Quote the listing below in its entirety, omitting every image.

▸ Dataset section
────────────────────────────────────────
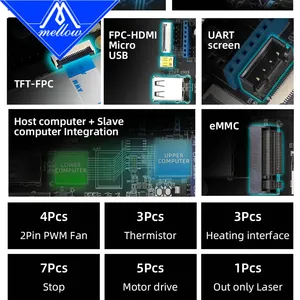Mellow FLY C5 V1.0 DIY accesorios de impresora 3D de alta velocidad H618 MCU H723 550Mhz SOC placa base Compatible E3 V3.0 <span class=keywords><strong>Ender3</strong></span> <span class=keywords><strong>V2</strong></span> CR10 - Product Image 4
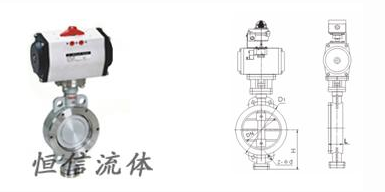 氣動硬密封蝶閥 氣動硬密封蝶閥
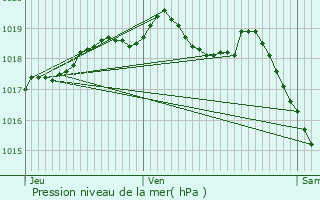 Graphe de la pression atmosphrique prvue pour Les Plains-et-Grands-Essarts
────────────────────────────────────────
▸ Answer to this problem
Mellow FLY C5 V1.0 DIY accesorios de impresora 3D de alta velocidad H618 MCU H723 550Mhz SOC placa base Compatible E3 V3.0 <span class=keywords><strong>Ender3</strong></span> <span class=keywords><strong>V2</strong></span> CR10 - Product Image 4
 氣動硬密封蝶閥 氣動硬密封蝶閥
 Graphe de la pression atmosphrique prvue pour Les Plains-et-Grands-Essarts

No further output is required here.